> **ASSIGNMENT**
Give the data again exactly as written, skipping any pictures.

> **PROVIDED DATA**

····················

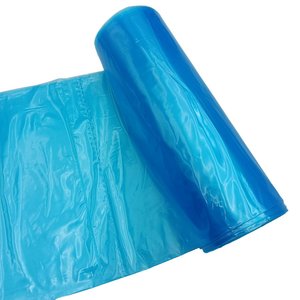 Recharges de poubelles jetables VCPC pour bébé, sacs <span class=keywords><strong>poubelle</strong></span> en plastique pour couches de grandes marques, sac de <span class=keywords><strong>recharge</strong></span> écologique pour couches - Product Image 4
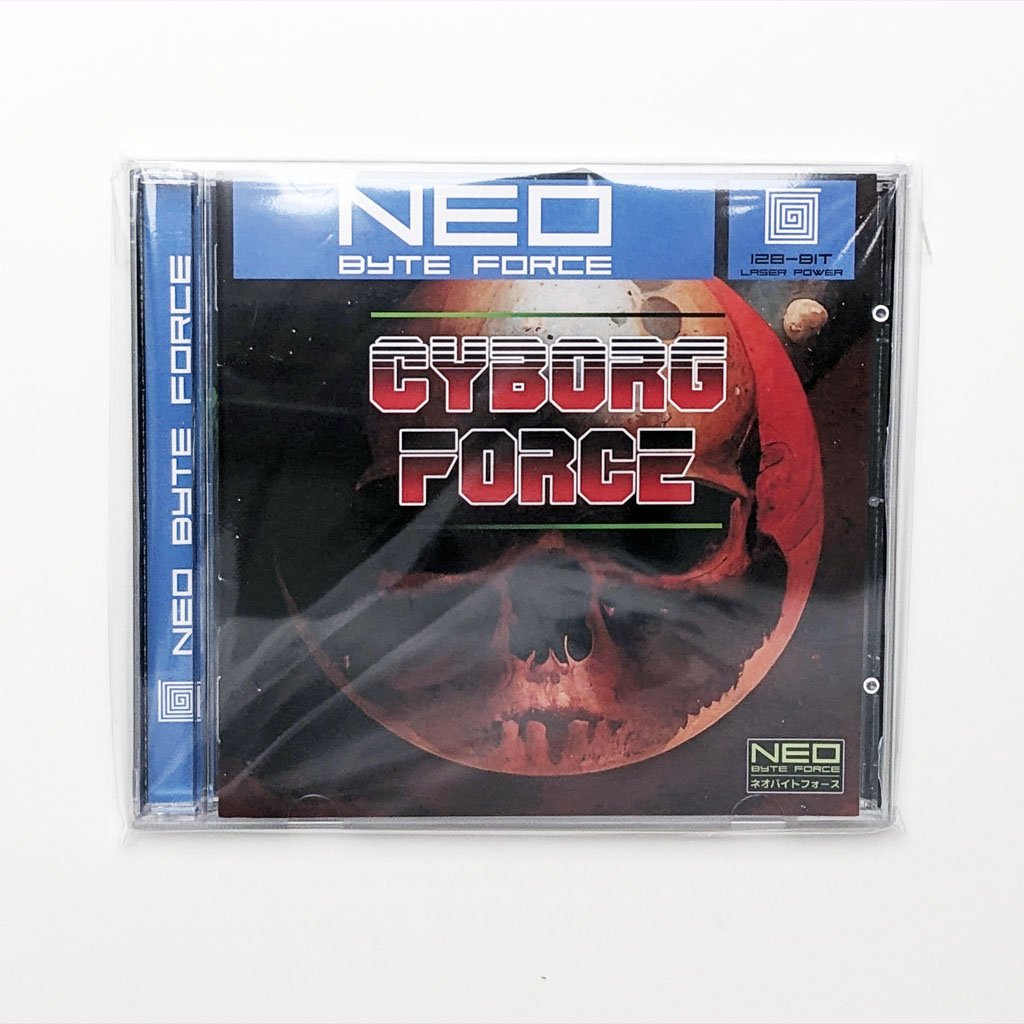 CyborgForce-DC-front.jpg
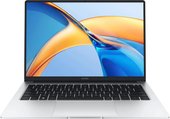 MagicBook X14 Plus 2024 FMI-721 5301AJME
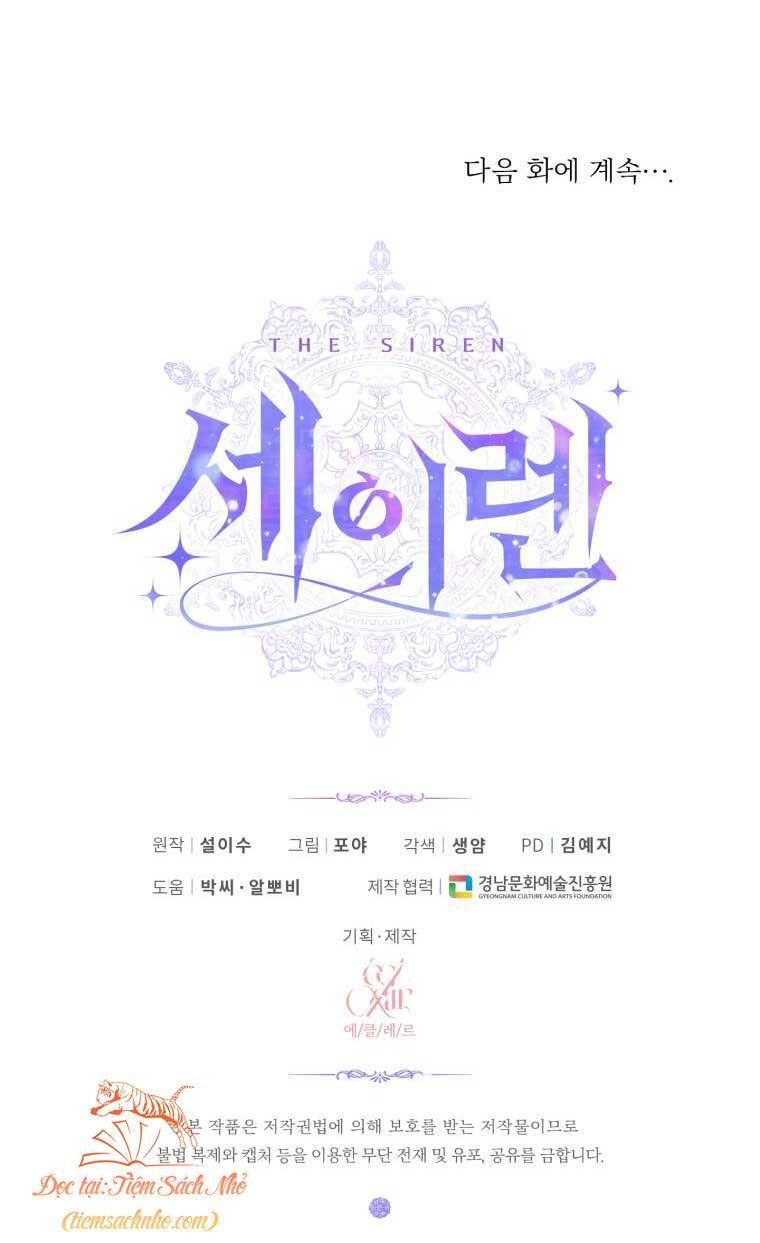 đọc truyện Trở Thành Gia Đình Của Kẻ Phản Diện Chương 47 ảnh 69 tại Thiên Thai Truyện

····················

> **ANSWER SECTION**
 Recharges de poubelles jetables VCPC pour bébé, sacs <span class=keywords><strong>poubelle</strong></span> en plastique pour couches de grandes marques, sac de <span class=keywords><strong>recharge</strong></span> écologique pour couches - Product Image 4
 CyborgForce-DC-front.jpg
 MagicBook X14 Plus 2024 FMI-721 5301AJME
 đọc truyện Trở Thành Gia Đình Của Kẻ Phản Diện Chương 47 ảnh 69 tại Thiên Thai Truyện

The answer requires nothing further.